Ese sera el tiempo q debe estar encendido el led para que me de una temporizacion de 3 horas?


----------



## idem258 (Sep 25, 2011)

http://www.zen22142.zen.co.uk/Circuits/Timing/24hour.htm


----------



## DJ-AS (Feb 16, 2015)

Alguien me explica la parte de la alimentación? Es con fuente partida y por eso tiene +ve - ve y masa? Porque vi un video adonde solo usaba una batería de 9v.


----------



## Fogonazo (Feb 16, 2015)

DJ-AS dijo:


> Alguien me explica la parte de la alimentación? Es con fuente partida y por eso tiene +ve - ve y masa? Porque vi un video adonde solo usaba una batería de 9v.



Es fuente simple, -Ve y GND en este caso son lo mismo


----------



## DJ-AS (Feb 16, 2015)

Muchas gracias Fogonazo, siempre tan atento y veloz ud. =)


----------



## heidyvanesa19 (Ene 27, 2019)

Una consulta, tendría que hacer las 2 versiones de este timer si quiero por ejemplo, Encender ciclicamente un aparato por 6 horas y que se apague por 1 minuto?

Tengo un grupo de Access Point que necesitan reiniciarse cada 6 horas, el reset debe tardar al menos entre 10 segundos y 1 minuto como máximo. Hay alguna forma de adaptarlo usando este timer?


----------



## Fogonazo (Ene 27, 2019)

heidyvanesa19 dijo:


> Una consulta, tendría que hacer las 2 versiones de este timer si quiero por ejemplo, Encender ciclicamente un aparato por 6 horas y que se apague por 1 minuto?
> 
> Tengo un grupo de Access Point que necesitan reiniciarse cada 6 horas, el reset debe tardar al menos entre 10 segundos y 1 minuto como máximo.

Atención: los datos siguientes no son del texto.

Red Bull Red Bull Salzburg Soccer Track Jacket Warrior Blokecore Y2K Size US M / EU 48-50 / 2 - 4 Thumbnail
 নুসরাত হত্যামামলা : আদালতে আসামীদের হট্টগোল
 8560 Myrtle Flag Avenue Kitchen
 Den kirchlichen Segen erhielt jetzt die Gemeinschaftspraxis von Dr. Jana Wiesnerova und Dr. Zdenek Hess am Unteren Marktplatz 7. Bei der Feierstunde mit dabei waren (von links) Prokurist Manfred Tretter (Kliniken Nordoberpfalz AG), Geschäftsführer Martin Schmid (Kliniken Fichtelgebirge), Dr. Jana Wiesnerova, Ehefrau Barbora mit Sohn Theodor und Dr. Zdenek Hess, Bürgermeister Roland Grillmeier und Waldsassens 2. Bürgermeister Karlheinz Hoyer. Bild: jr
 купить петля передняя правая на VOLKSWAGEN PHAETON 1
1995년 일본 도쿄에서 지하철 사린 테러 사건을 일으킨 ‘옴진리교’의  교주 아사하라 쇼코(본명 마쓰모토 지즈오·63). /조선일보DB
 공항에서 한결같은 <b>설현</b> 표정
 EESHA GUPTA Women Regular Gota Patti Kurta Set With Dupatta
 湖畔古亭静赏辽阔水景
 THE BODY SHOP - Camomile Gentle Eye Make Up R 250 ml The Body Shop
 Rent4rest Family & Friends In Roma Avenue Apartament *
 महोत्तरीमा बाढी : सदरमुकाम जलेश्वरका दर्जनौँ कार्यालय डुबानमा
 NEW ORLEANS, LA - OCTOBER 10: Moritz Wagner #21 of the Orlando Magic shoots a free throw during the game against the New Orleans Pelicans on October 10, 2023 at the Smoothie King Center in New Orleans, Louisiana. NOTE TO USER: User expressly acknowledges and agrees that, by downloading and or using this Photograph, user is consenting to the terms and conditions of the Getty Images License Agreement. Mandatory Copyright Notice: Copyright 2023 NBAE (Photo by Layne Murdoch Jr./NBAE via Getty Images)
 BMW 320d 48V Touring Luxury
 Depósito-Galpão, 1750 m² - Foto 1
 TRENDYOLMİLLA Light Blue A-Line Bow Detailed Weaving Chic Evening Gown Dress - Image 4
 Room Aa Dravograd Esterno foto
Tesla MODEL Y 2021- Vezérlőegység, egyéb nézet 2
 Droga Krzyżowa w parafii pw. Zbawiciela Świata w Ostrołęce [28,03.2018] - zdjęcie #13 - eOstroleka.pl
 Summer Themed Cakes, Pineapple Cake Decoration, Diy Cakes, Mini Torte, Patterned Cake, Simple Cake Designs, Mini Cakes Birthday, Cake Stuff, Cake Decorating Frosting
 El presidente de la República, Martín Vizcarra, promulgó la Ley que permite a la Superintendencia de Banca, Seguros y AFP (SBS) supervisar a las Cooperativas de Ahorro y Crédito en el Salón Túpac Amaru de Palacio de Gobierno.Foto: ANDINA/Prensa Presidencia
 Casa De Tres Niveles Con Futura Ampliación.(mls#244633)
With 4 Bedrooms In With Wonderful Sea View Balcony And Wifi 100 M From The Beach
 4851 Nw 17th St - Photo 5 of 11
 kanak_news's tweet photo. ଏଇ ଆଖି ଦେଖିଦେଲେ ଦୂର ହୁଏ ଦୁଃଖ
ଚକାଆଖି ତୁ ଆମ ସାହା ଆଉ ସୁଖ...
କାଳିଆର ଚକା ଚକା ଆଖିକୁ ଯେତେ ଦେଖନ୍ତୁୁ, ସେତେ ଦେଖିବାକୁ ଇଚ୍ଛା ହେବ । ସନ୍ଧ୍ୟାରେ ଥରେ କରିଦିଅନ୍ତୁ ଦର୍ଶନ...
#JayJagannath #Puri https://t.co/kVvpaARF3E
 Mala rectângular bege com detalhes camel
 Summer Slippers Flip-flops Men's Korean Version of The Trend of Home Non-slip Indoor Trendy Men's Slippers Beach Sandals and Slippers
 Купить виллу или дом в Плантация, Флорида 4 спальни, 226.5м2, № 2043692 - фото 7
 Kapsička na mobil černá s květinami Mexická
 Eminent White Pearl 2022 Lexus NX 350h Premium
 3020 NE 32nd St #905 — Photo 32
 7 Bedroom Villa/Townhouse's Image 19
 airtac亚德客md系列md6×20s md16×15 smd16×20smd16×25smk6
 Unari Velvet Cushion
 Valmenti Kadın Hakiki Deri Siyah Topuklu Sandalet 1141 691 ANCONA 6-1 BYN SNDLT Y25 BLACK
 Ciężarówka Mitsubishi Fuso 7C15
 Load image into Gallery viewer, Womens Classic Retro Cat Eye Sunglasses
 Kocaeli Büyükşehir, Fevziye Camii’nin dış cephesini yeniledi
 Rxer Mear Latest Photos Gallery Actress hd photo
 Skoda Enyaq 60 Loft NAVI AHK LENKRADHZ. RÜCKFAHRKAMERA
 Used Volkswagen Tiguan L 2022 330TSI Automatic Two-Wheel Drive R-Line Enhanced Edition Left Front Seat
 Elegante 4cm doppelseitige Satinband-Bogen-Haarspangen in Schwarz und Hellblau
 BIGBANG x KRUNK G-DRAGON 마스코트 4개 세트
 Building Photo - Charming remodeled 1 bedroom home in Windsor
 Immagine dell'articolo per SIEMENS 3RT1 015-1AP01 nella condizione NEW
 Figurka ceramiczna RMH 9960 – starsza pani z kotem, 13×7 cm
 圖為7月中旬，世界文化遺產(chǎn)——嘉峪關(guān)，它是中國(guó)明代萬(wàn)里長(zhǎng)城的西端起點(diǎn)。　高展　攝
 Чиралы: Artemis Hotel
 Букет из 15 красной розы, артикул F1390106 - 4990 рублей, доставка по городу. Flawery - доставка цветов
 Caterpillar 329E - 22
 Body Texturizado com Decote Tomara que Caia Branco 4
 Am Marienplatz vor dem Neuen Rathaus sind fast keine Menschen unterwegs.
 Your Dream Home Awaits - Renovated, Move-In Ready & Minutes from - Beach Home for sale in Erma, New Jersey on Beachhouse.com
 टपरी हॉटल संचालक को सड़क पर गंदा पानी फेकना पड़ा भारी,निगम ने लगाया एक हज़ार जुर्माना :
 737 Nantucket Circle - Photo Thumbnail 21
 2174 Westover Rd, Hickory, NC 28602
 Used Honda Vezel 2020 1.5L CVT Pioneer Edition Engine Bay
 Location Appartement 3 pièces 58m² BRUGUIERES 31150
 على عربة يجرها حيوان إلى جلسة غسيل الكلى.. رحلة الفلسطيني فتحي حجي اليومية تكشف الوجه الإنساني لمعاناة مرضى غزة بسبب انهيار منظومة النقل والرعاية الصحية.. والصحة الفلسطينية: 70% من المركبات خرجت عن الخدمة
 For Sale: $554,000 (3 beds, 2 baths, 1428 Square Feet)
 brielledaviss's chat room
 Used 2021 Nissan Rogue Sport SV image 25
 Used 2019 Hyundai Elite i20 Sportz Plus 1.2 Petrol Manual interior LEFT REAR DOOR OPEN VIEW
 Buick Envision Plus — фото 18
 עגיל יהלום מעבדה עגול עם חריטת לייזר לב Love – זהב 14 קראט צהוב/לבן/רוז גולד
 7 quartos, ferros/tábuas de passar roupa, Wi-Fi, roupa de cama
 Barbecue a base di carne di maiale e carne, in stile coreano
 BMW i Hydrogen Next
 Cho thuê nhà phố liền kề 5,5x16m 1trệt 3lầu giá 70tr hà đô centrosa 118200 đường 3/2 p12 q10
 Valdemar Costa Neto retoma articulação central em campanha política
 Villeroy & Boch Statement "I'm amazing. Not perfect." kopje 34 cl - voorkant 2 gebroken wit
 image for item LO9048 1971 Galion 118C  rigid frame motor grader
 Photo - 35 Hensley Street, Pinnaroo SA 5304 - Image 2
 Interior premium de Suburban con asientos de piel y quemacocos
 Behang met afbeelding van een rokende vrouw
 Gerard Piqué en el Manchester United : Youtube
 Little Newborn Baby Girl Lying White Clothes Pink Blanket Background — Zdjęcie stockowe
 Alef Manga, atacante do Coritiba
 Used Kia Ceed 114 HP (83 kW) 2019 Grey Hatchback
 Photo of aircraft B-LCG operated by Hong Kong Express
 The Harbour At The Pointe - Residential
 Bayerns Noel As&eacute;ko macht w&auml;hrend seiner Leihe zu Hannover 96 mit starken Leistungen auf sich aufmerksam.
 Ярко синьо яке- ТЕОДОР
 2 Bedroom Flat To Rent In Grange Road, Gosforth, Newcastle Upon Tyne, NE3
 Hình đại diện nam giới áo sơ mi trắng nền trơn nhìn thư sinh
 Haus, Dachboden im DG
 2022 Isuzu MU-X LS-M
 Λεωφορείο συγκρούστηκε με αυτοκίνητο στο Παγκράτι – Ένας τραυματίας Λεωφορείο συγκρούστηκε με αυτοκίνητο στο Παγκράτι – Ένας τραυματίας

Hay alguna forma de adaptarlo usando este timer?


La misma solución que se comenté antes, un temporizador "largo" con un *CD4060 *(Oscilador + contador), le agregas un segundo temporizador (Por ejemplo 555) que de el Tempo de reset

Mira el esquema que publicó *Jorge Flores Vergaray*


----------



## Scooter (Ene 27, 2019)

yo es que temporizadores analógicos de mas de un minuto o dos no los visualizo.
Serán baratos y sencillos pero su ajuste es una plaga.
¿Que sentido tiene hacer cinco o seis ajustes hasta que cuadre a 24h? ¿En serio alguien cree medianamente aceptable estar una semana ajustando?
Para mas de 1h temporizdores digitales programables digitalmente, para mas de unos pocos minutos, también.


----------



## DOSMETROS (Ene 27, 2019)

Again , se llama comercialmente : "Timer Doble"


----------



## pandacba (Ene 27, 2019)

No hace falta hacer tales ajustes, simplemente ajustas adecuadamente la base en el tiempo presiso, el resto es solo cuenta.
Lo digo por haber echo muchos de esos de esa misma forma y sin problemas, eso de estar una semana ajustando jamás lo estuve.
Solo el puede pasar a un novato, no a quién sabe trabajar..


----------



## heidyvanesa19 (Ene 29, 2019)

Ean donde va el pulsador de Reset, ahí se puede poner el NE555 supongo, para poder hacer el reinicio, pero tendría que hacerlo con un relay de doble tiro para que mientras reinicia el contador, también desconecte por unos segundos la corriente eléctrica o me equivoco?
Si indicas que no le sucede a quien sabe trabajar, entonces deberías de apoyar a los novatos con algunas sugerencias o procedimientos para contar de manera más rápida que gastar horas o días, ya que veo que indicas que sabes hacerlo pero no veo que aportes alguna indicación o sugerencia. 



pandacba dijo:


> No hace falta hacer tales ajustes, simplemente ajustas adecuadamente la base en el tiempo presiso, el resto es solo cuenta.
> Lo digo por haber echo muchos de esos de esa misma forma y sin problemas, eso de estar una semana ajustando jamás lo estuve.
> Solo el puede pasar a un novato, no a quién sabe trabajar..


----------



## heidyvanesa19 (Ene 29, 2019)

Encontré uno que hace lo mismo, pero adiciona 2 integrados NE555, para que cuente hasta 36 horas (me interesa más que lo haga hasta 6 horas) y que desconecte desde 2.4 segundos (47 segundos es la segunda escala y me interesa) hasta 8 minutos. Emplea dos Cmos CD4040 y CD4017.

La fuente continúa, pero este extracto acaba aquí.